Phoenix (WSYR-TV) -- An appearance on a national television show is adding momentum to an investigation that has plagued a family from Clay for years.
Sheena Morris, who grew up in Central New York, was found dead in Florida nearly four years ago. Police say she killed herself. Her family insists she was murdered.
Friday, as her parents and boyfriend appeared on a taping of the Dr. Phil Show, 40 friends gathered at a bar in Phoenix to hear the results of one key polygraph question.
Dr. Phil asked Morris’ boyfriend, Joe Genoese, if he killed her. He said ‘no.’ According to the test examiner, the answer was deceptive.
After hearing the results of the polygraph test, Lisa Lane, who helped raised Sheena, raised her hands in the air and shouted with relief.
“It made me feel good for once in three and a half years," Lane explained. "Finally, that everybody will see what we've known all along."
Sheena's family and friends are hoping the national exposure will put pressure on investigators to transfer the case from the Bradenton Beach Police Department in Florida to the FBI.
Sheena's mother, Kelly Osborn told Phil McGraw, "The police department should not be working a case that they've already messed up on."
The family's opinion draws back, in part, to a 911 call from a hotel where Morris was renting a room with Genoese for a holiday outing together. Lane wonders why no one was arrested if domestic violence was suspected.
"They didn't even question Joe and they passed him in the hallway. What police officer would do that?" Lane wondered.
The next morning, New Year's Day 2009, David Morris remembers a call from his daughter's sobbing boyfriend.
"Him and Sheena had gotten into a fight the night before and he continuously talked about my daughter in the past tense,” said Sheena’s dad David Morris.
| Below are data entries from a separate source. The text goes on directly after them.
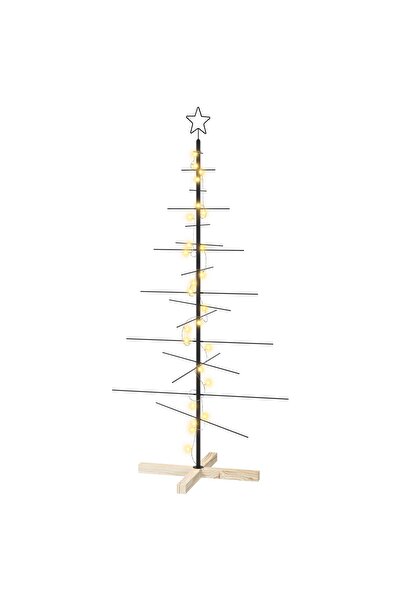 vidaxl Pom de Crăciun din metal KUOPIO 150 cm Alb cald Oțel Negru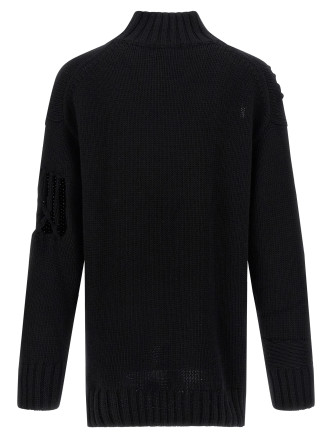 Macramé insert sweater #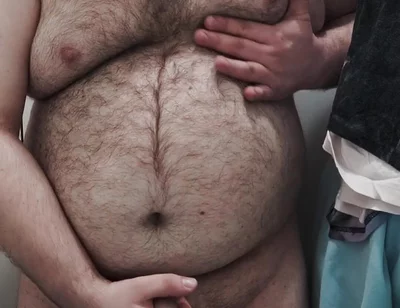 Fat Bear Jerks off on Toilet and Licks up His Cum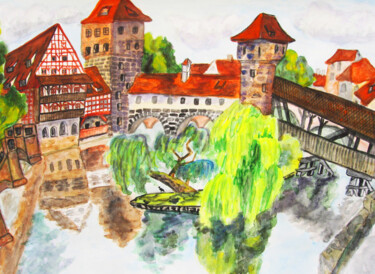 Painting titled "Nuremberg 5" by Irina Afonskaya, Original Artwork, Watercolor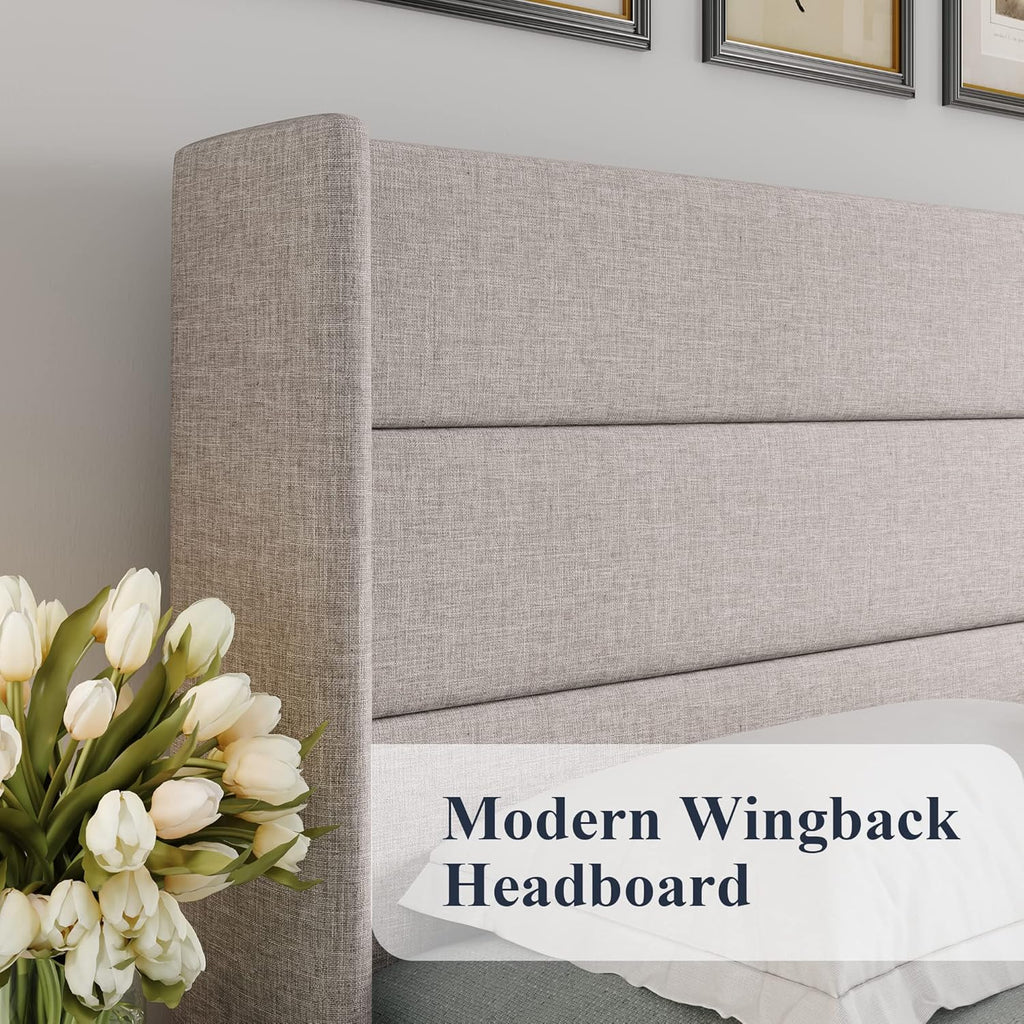 Allewie Queen Size Lift Up Storage Bed Modern Wingback Headboard Hydraulic Support wourant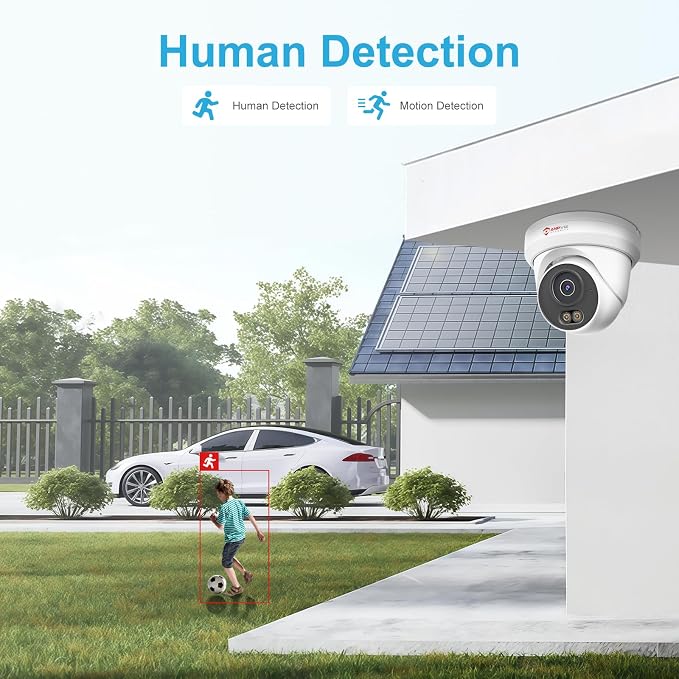 Anpviz 5MP PoE Camera, Full Metal Turret Security IP Camera Outdoor Wired, Smart Dual Light Color Night Vision, AI Human Motion Detection, Built-in Mic, NDAA, Requires NVR, NOT Work Independently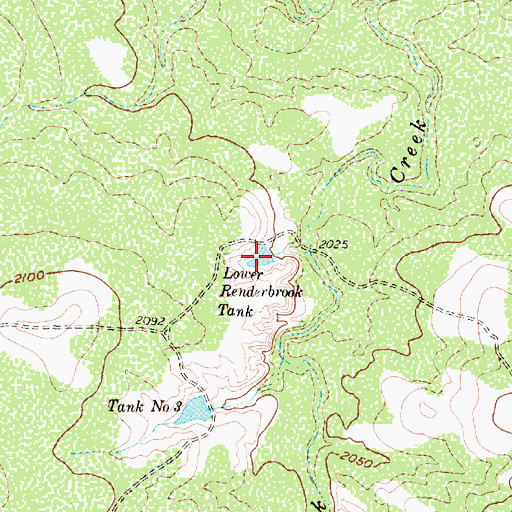 Topographic Map of Lower Renderbrook Tank, TX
Hours later, Sheena's body was found hanging in the hotel room. Genoese claims he left after their fight and Morris refused to go home with him. The death was declared a suicide. An experienced polygraph examiner told Phil McGraw he believes the boyfriend is a clear suspect and there are several avenues that investigators should pursue. Joe Genoese maintains his innocence.
"I'm nervous. I've never taken one of these things before," Genoese insisted.
Polygrah examiner Jack Trimarco, who was introduced as a former FBI agent, interrupted Genoese to suggest that everyone who takes a polygraph is nervous.
"You’re either lying or you’re telling the truth,” Trimarco said. "There was no doubt in my mind that you weren't telling the truth about those questions."
Sheena's family and friends have new hope the FBI will take over the case
"None of us will ever give up. We will fight until we can't anymore and that will be on our deathbeds,” said Sheena’s friend Justina Jones.
A collection and part of the proceeds from a "watch party" at a bar in Phoenix with be donated to Vera House for victims of domestic violence, in Sheena's name.